§ Collected data
== Segment start ==
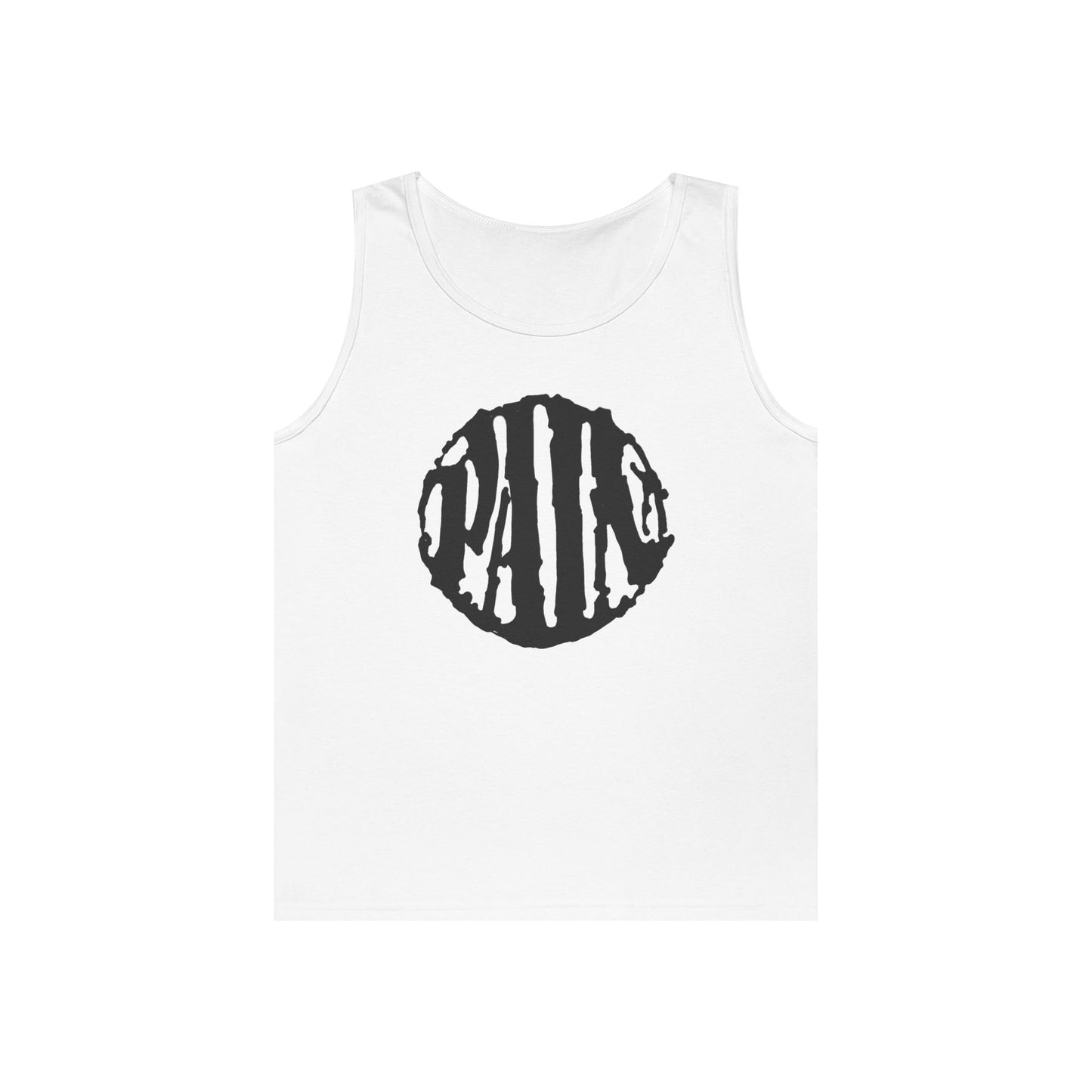 Floral Graphic Tank Top - Unisex Cotton Sleeveless Tee for Summer, Casual Wear, Beach Days, Festivals, Gift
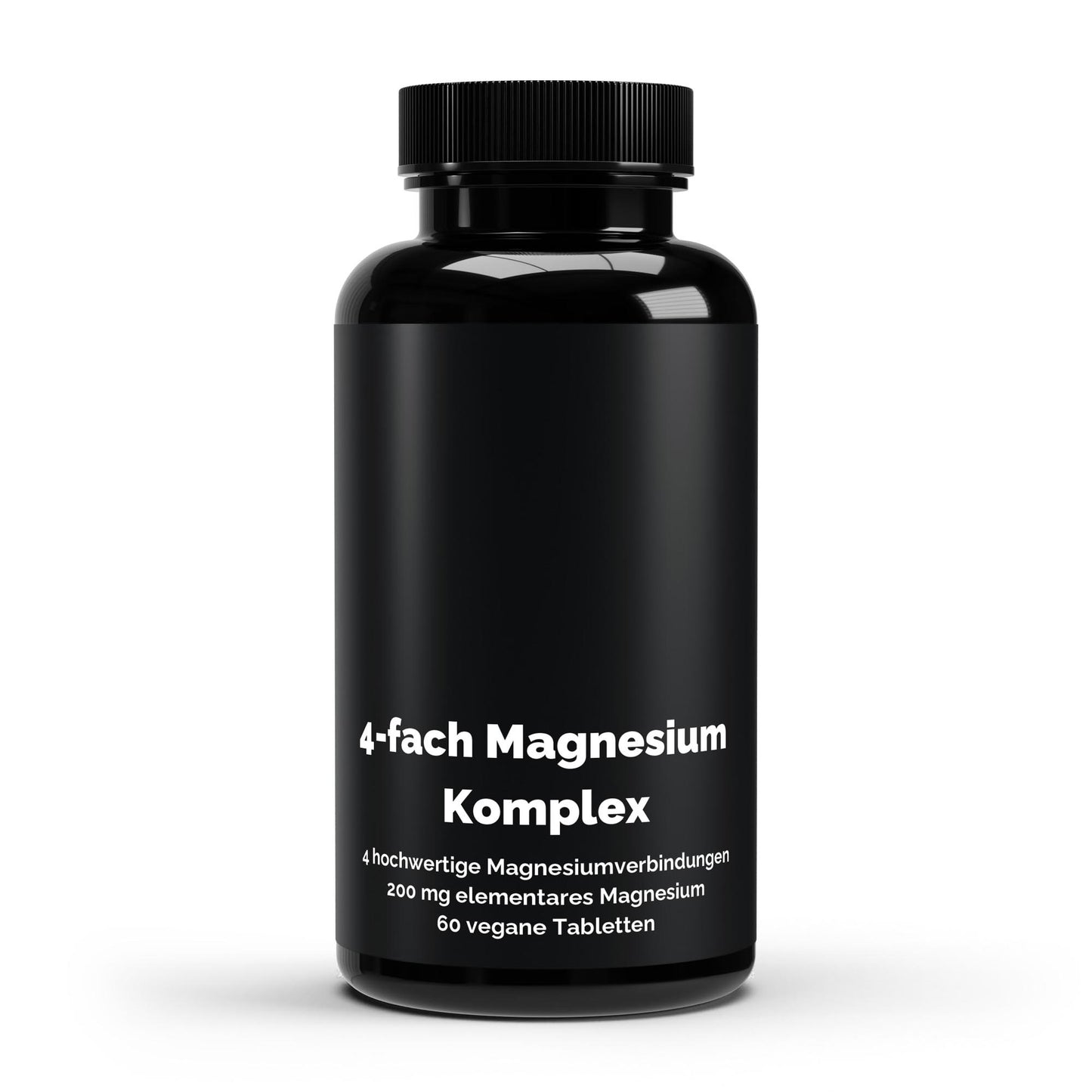 Ultravida Magnesium 4-fach Komplex - 60 vegane Tabletten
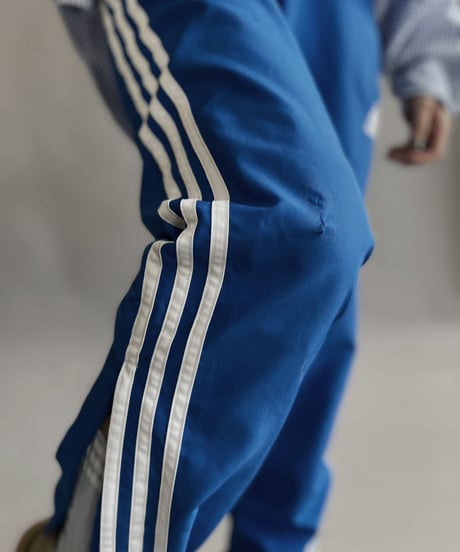【USED】 adidas Line Pants Blue / 230216-004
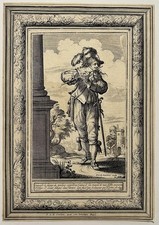 Abraham BOSSE - Le Fifre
== Segment end ==
§ Exercise description
Reprint the data verbatim, pictures excluded.

§ Response to this task
 Floral Graphic Tank Top - Unisex Cotton Sleeveless Tee for Summer, Casual Wear, Beach Days, Festivals, Gift
 Ultravida Magnesium 4-fach Komplex - 60 vegane Tabletten
【USED】 adidas Line Pants Blue / 230216-004
 Abraham BOSSE - Le Fifre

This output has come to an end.